--- PROVIDED DATA ---
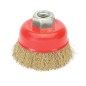 Cepillo Taza Con Alambre De Acero Latonado Rosca M14, Diámetro 100 mm. Alambre de Diámetro 0,30 mm. Cepillo Taza Con Alambre De Acero Latonado Rosca M14, Diámetro 100 mm. Alambre de Diámetro 0,30 mm.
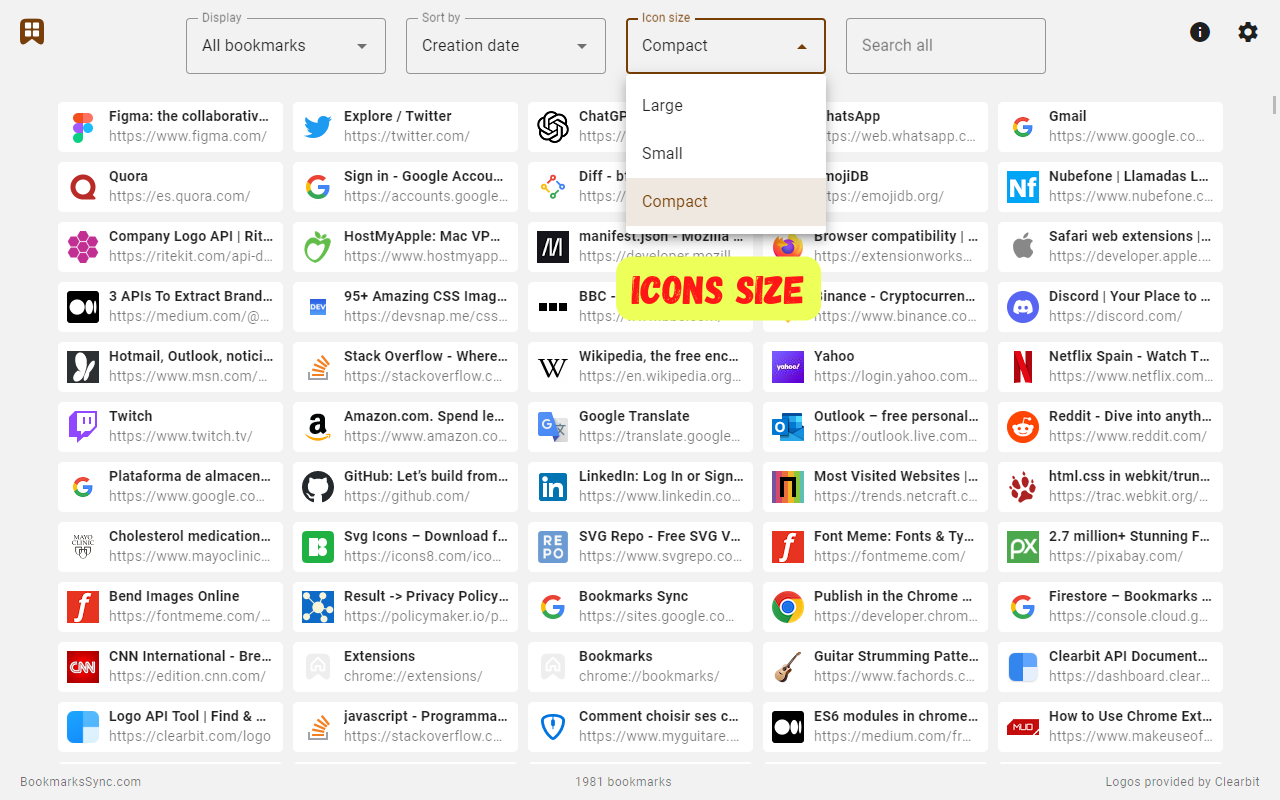 Bookmarks Speed - Instant access to bookmarks chrome谷歌浏览器插件_扩展第3张截图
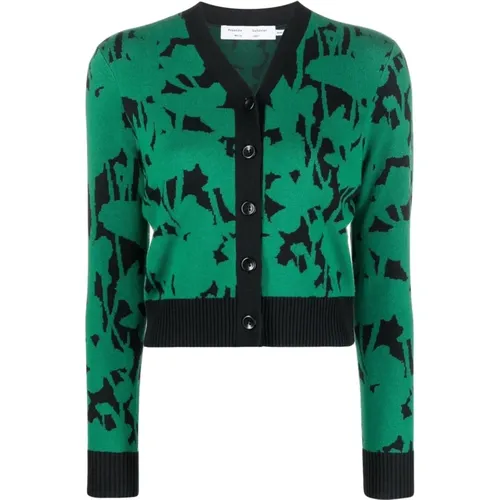 Blumiger Strick-Cardigan Lässiger Stil , Damen, Größe: XL - Proenza Schouler - Modalova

--- REQUIRED WORK ---
From start to finish, output the listing exactly, but omit its pictures.

--- TASK SOLUTION ---
 Cepillo Taza Con Alambre De Acero Latonado Rosca M14, Diámetro 100 mm. Alambre de Diámetro 0,30 mm. Cepillo Taza Con Alambre De Acero Latonado Rosca M14, Diámetro 100 mm. Alambre de Diámetro 0,30 mm.
 Bookmarks Speed - Instant access to bookmarks chrome谷歌浏览器插件_扩展第3张截图
 Blumiger Strick-Cardigan Lässiger Stil , Damen, Größe: XL - Proenza Schouler - Modalova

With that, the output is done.